While you copy the lines below, skip the pictures and keep the rest exact.

Recorded data
-----

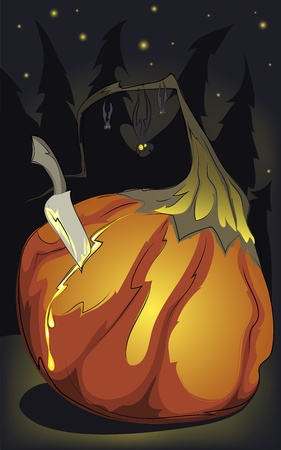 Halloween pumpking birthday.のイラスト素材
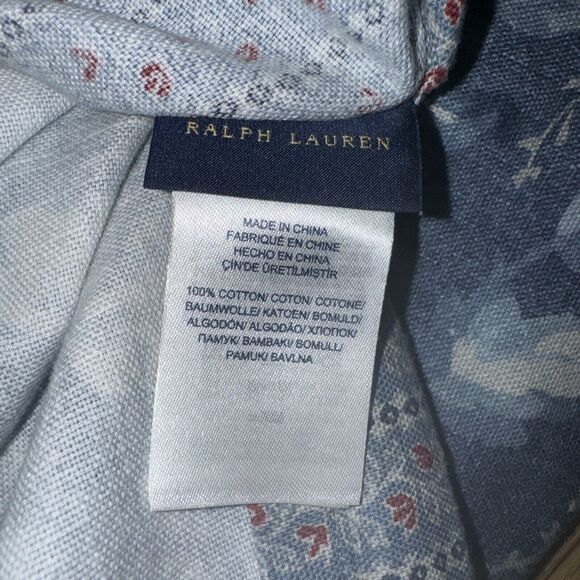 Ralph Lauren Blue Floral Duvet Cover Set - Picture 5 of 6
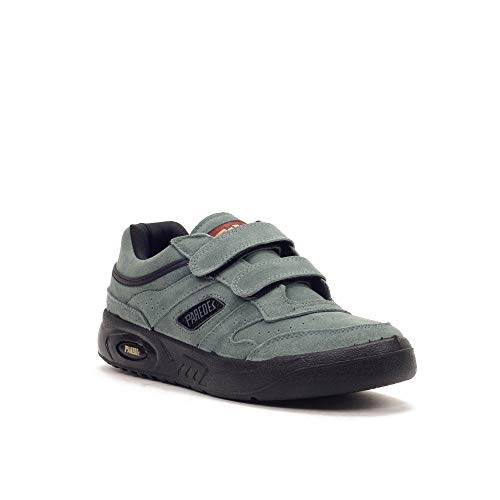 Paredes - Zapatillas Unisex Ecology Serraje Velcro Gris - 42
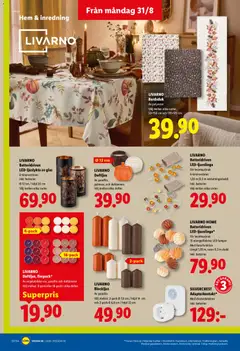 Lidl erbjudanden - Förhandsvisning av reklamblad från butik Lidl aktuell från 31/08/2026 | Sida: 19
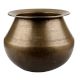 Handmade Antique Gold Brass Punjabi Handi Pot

-----

* _TASK RESULT_
 Halloween pumpking birthday.のイラスト素材
 Ralph Lauren Blue Floral Duvet Cover Set - Picture 5 of 6
 Paredes - Zapatillas Unisex Ecology Serraje Velcro Gris - 42
 Lidl erbjudanden - Förhandsvisning av reklamblad från butik Lidl aktuell från 31/08/2026 | Sida: 19
 Handmade Antique Gold Brass Punjabi Handi Pot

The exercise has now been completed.